The paper validates the proposed method through extensive testing with mannequins and human subjects. Notable achievements include the robot's capability to successfully dress socks on ten diverse participants, outperforming contemporary methods such as Action Chunking with Transformer (ACT) and Diffusion Policy (DP). The system demonstrated considerable success rates—84% in known backgrounds and 74% in unknown backgrounds—showcasing improved robustness against environmental changes and individual differences compared to ACT (66% and 0% respectively under similar conditions) and DP (which failed to complete the task).

Results & Discussion

The experimental results highlight the model’s superior generalization ability and robustness. The attention mechanism effectively manages spatial and depth-related complexities, ensuring smooth and adaptive dressing motions even in untrained environments. The hierarchical LSTM further aids in maintaining stability across varying foot sizes, as demonstrated in tactile data analysis.

The ablation studies provide insights into the contributions of model components, with the complete architecture achieving a 100% success rate compared to degraded performance when significant components like DAM or SAM are omitted.

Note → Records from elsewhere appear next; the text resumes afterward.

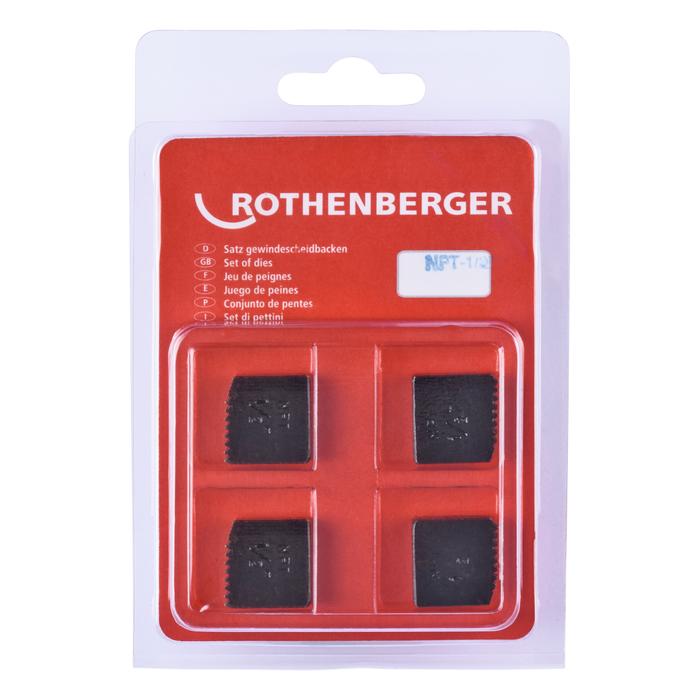 Komplet 4 narzynek gwintujących ROTHENBERGER, NPT, 1/2″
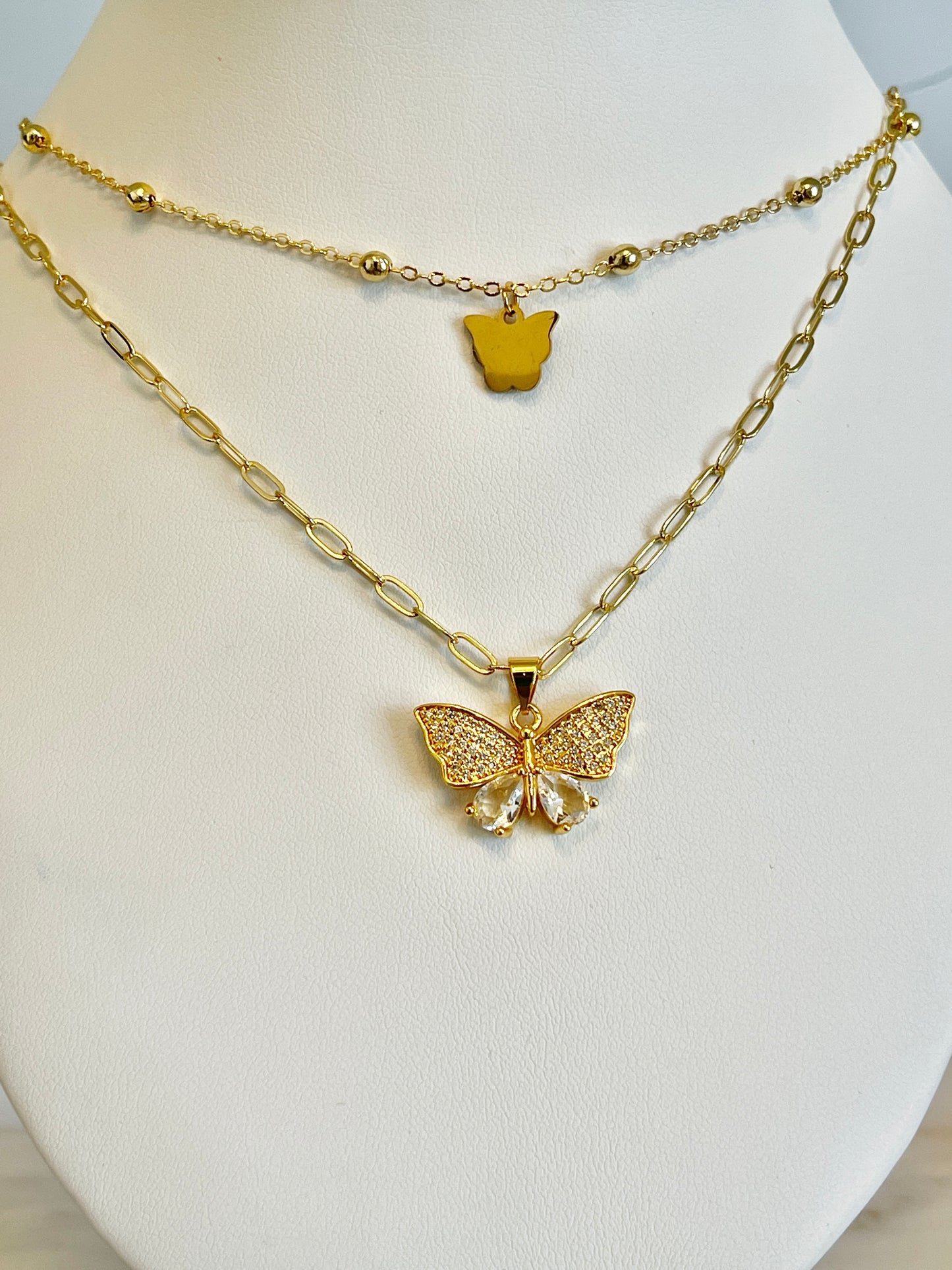 Multilayer butterfly necklace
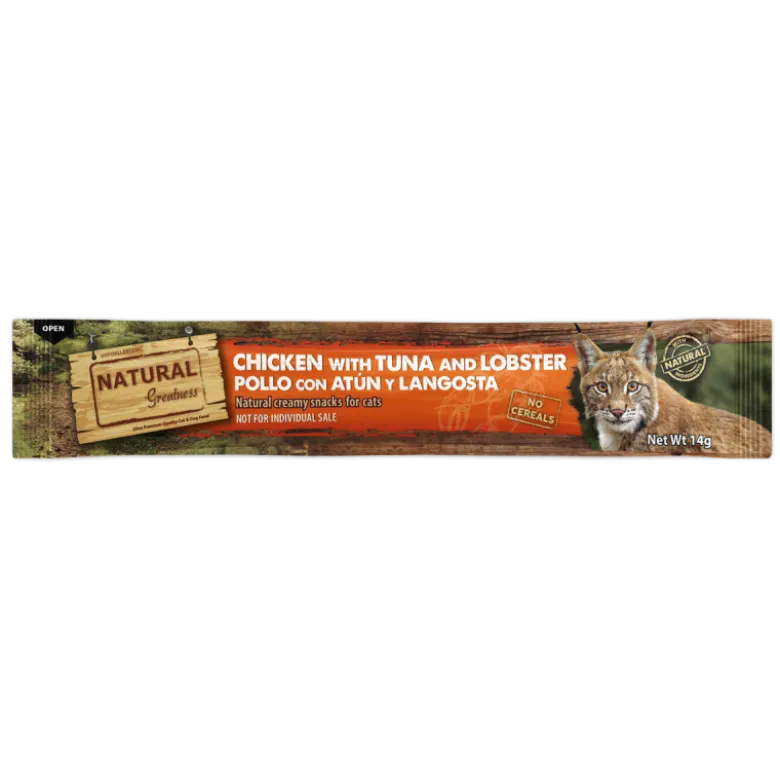 Natural Greatness Crema de Pollo con Atún y Langosta Snack para Gatos 56g
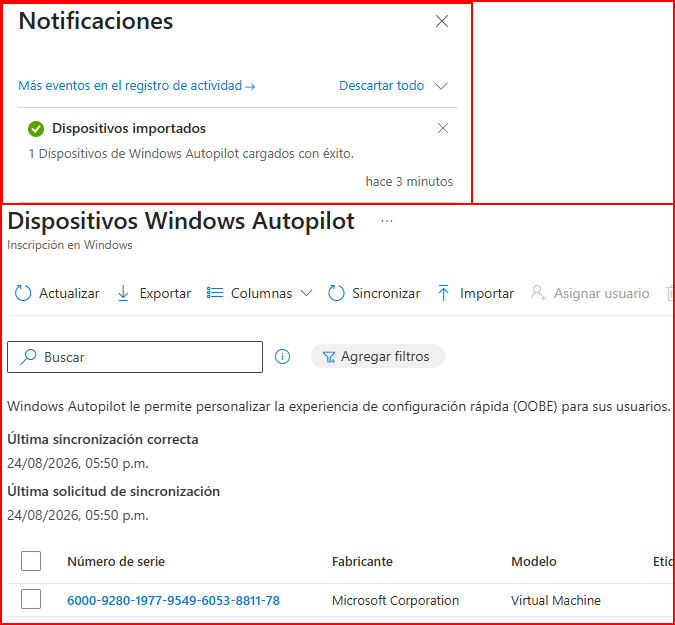 Importación exitosa de dispositivo Autopilot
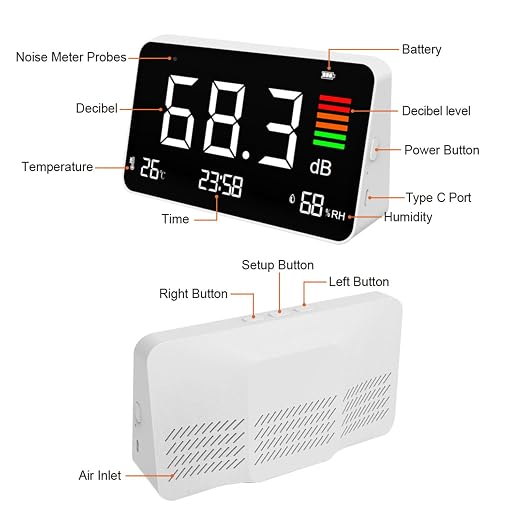 Digital Decibel Meter, 30-130dBA Desktop Digital Sound Level Meter - Image 2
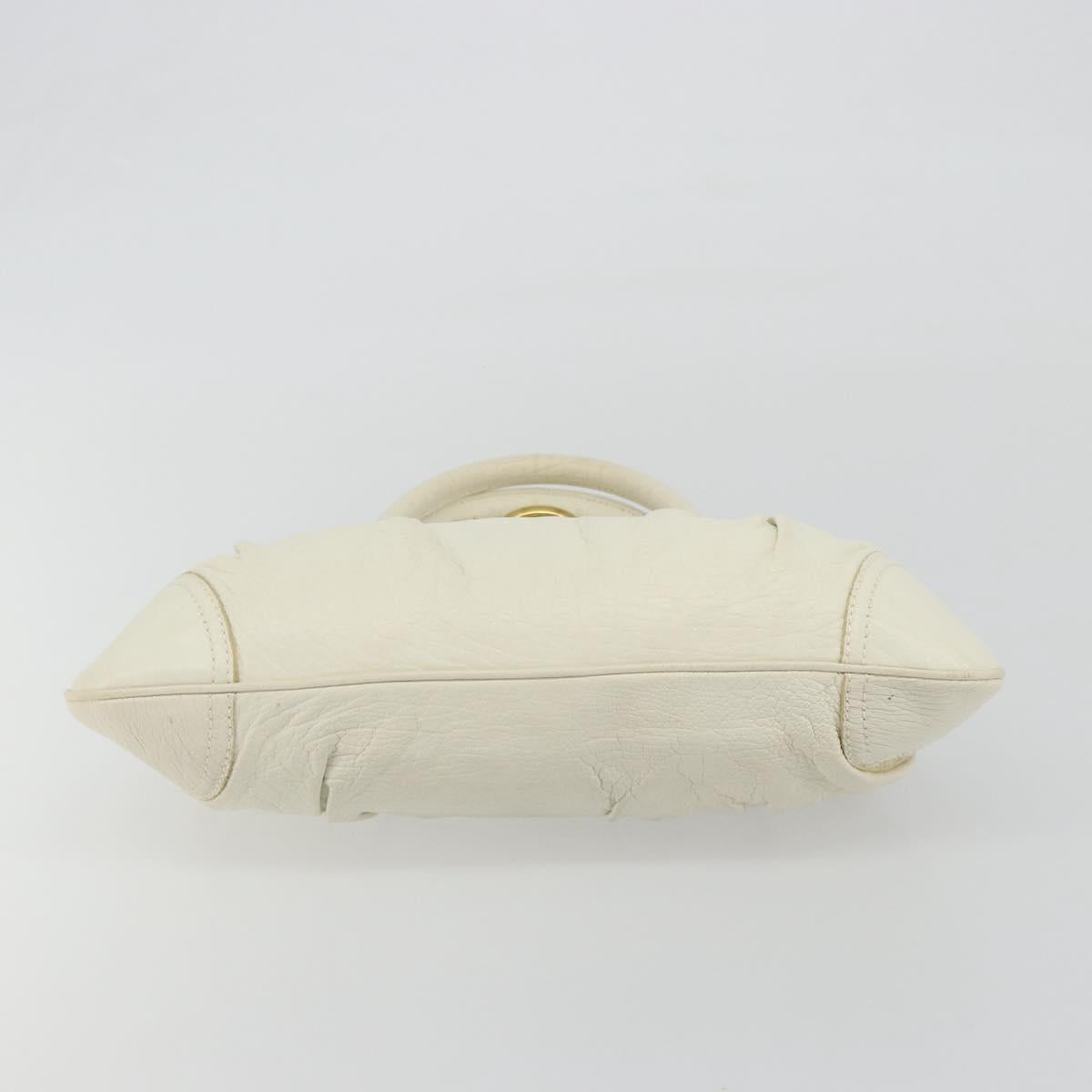 Salvatore Ferragamo Gancini Hand Bag Leather White Champagne Gold Auth 189556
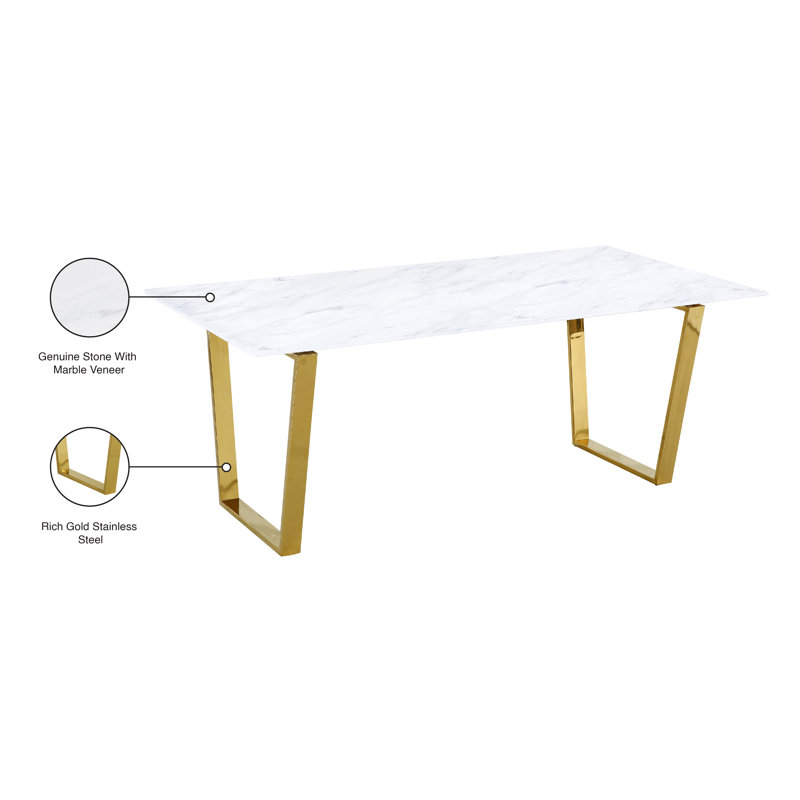 Pate Stone Top Metal Base Dining Table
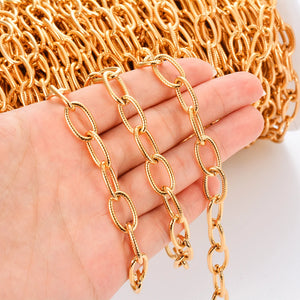 1 Meter Golden Stainless Steel Metal Chain DIY Necklace Jewelry Supplies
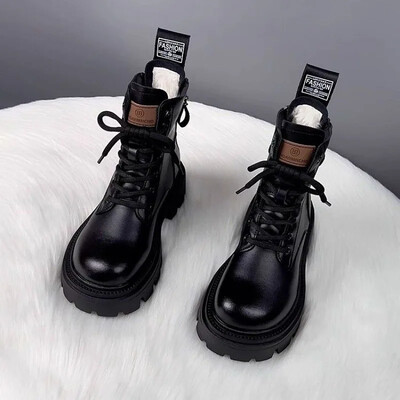 Ženske čizme za snijeg od meke kože s debelim dnom 2024. Novi stil Martin čizme s integriranim krznom Svestrane velike pamučne cipele Zimske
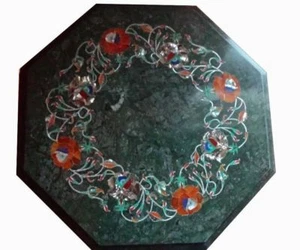 12" green Marble side / end Table Pietra Dura art Handmade Work home decor - Picture 1 of 7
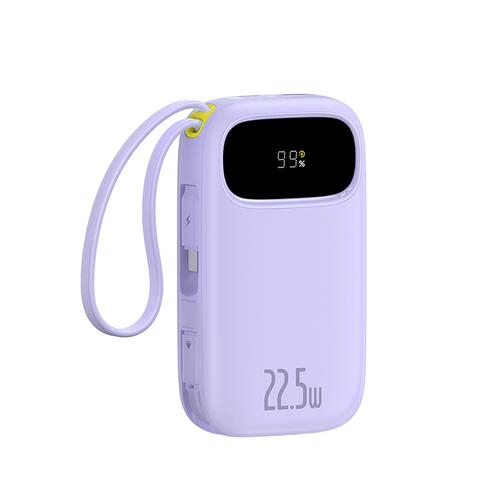 Acumulator extern Baseus EnerFill FC31 Digital Display 20.000 mAh, 22.5W, cablu USB-C si Lightning incorporat (Violet)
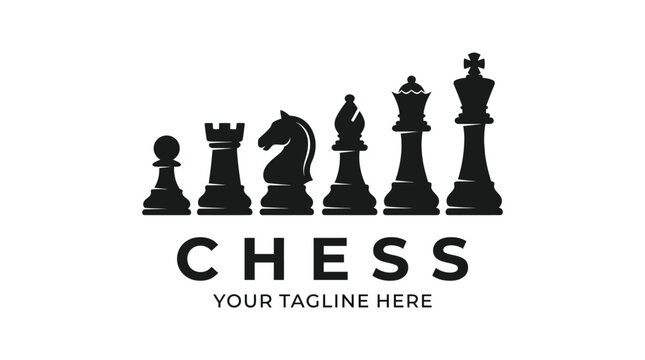 Elegant black chess pieces silhouette vector logo design featuring knight, king, queen and pawn
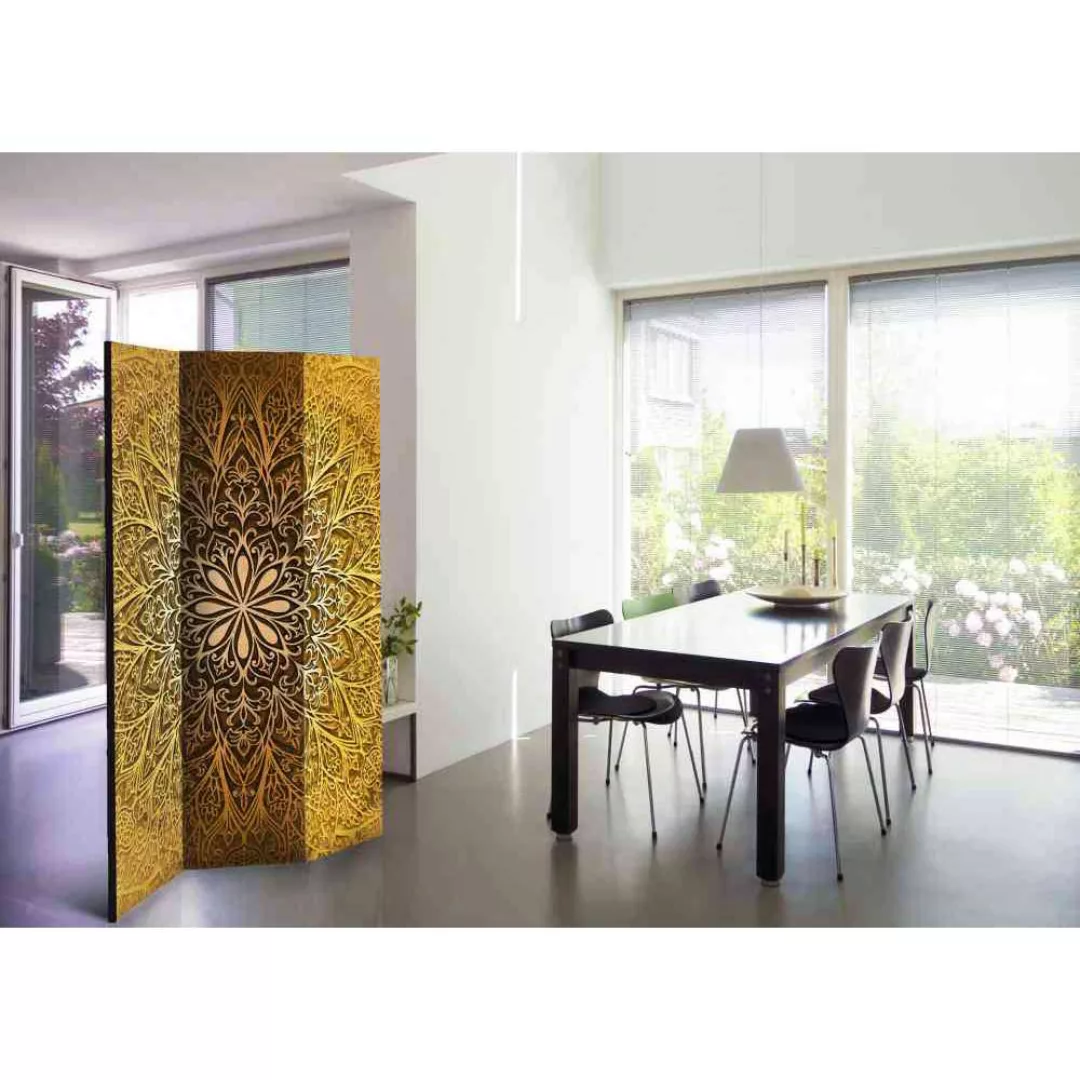3 teiliger Paravent mit Mandala Muster Braun und Goldfarben günstig online kaufen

Implications and Future Directions

The implications of this research are manifold, with potential applications in healthcare robotics, particularly in the domain of autonomous caregiving solutions for the elderly and disabled. Future work may focus on refining the motion planning phases, especially the insertion step, through continued improvements in simulation and reinforcement learning models, potentially enhancing the precision of dressing actions further. Expanding the scope to accommodate dynamic human motions during dressing could further optimize real-world applicability and reliability.

This paper contributes to the expanding domain of assistive robotics, providing a foundation for future work in developing humanoid robots capable of handling intricate physical tasks with a high degree of autonomy and adaptability.